Now, as you may have suspected, I've saved the best until last. Driving back to the house, I came across a Blanding's Turtle that was either sunning itself or returning from egg-laying or both. Since I wasn't sure it wasn't just soaking up some warmth, I didn't move it across the road for safety sake. I'll check later today or tomorrow to see if there's reason to regret that decision. (I'm mildly encouraged since last year I saw some folks intentionally drive around a large snapping turtle crossing a nearby road.) Since I hadn't read the briefing that Blanding's aren't prone to bite, and I didn't have work gloves, I also didn't turn it over to check for the gender characteristics. I'll try to remember both gloves and information in the future.

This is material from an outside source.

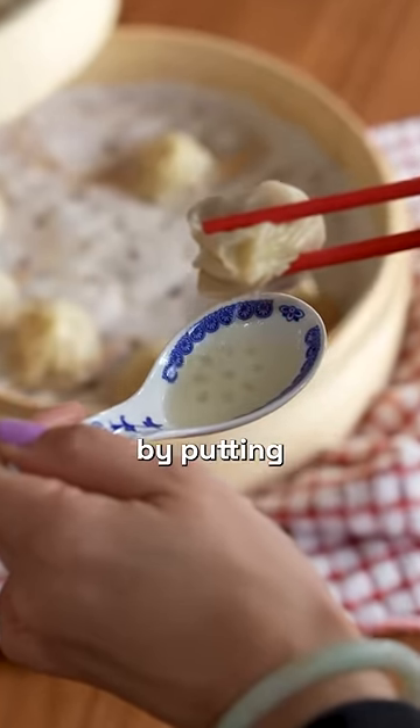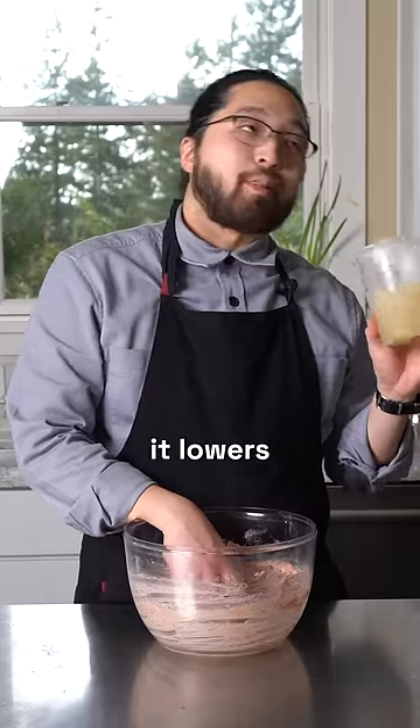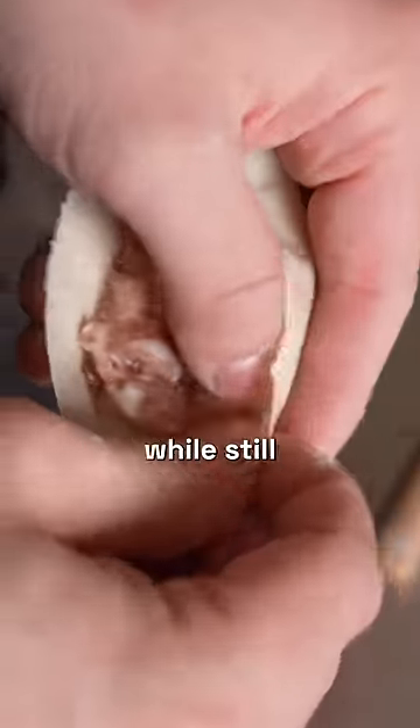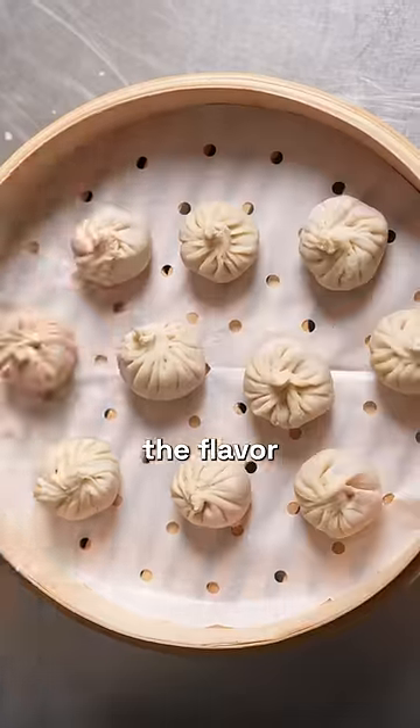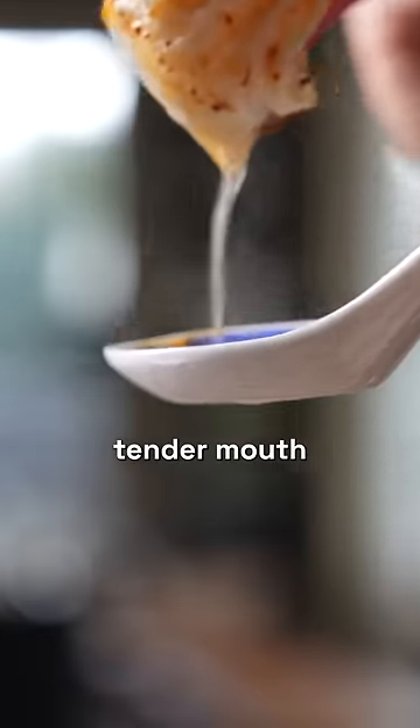People ask me, could you make it super soupy by putting a bunch of this in? The answer is yes, but then it lowers the amount of meat that's in the filling. So it is a give and take and I think there is a balance. We like to make it as soupy as possible while still giving the right balance for having the flavor and the umami coming from the savory meat and giving you that nice tender mouth feel as well.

Emydoidea blandingii (Holbrook, 1838)
Blanding's Turtle

Photo by J. Harrington


The Adventures of a Turtle

By Russell Edson 

The turtle carries his house on his back. He is both the house and the person of that house.
         But actually, under the shell is a little room where the true turtle, wearing long underwear, sits at a little table. At one end of the room a series of levers sticks out of slots in the floor, like the controls of a steam shovel. It is with these that the turtle controls the legs of his house.
         Most of the time the turtle sits under the sloping ceiling of his turtle room reading catalogues at the little table where a candle burns. He leans on one elbow, and then the other. He crosses one leg, and then the other. Finally he yawns and buries his head in his arms and sleeps.
         If he feels a child picking up his house he quickly douses the candle and runs to the control levers and activates the legs of his house and tries to escape.
         If he cannot escape he retracts the legs and withdraws the so-called head and waits. He knows that children are careless, and that there will come a time when he will be free to move his house to some secluded place, where he will relight his candle, take out his catalogues and read until at last he yawns. Then he’ll bury his head in his arms and sleep....That is, until another child picks up his house....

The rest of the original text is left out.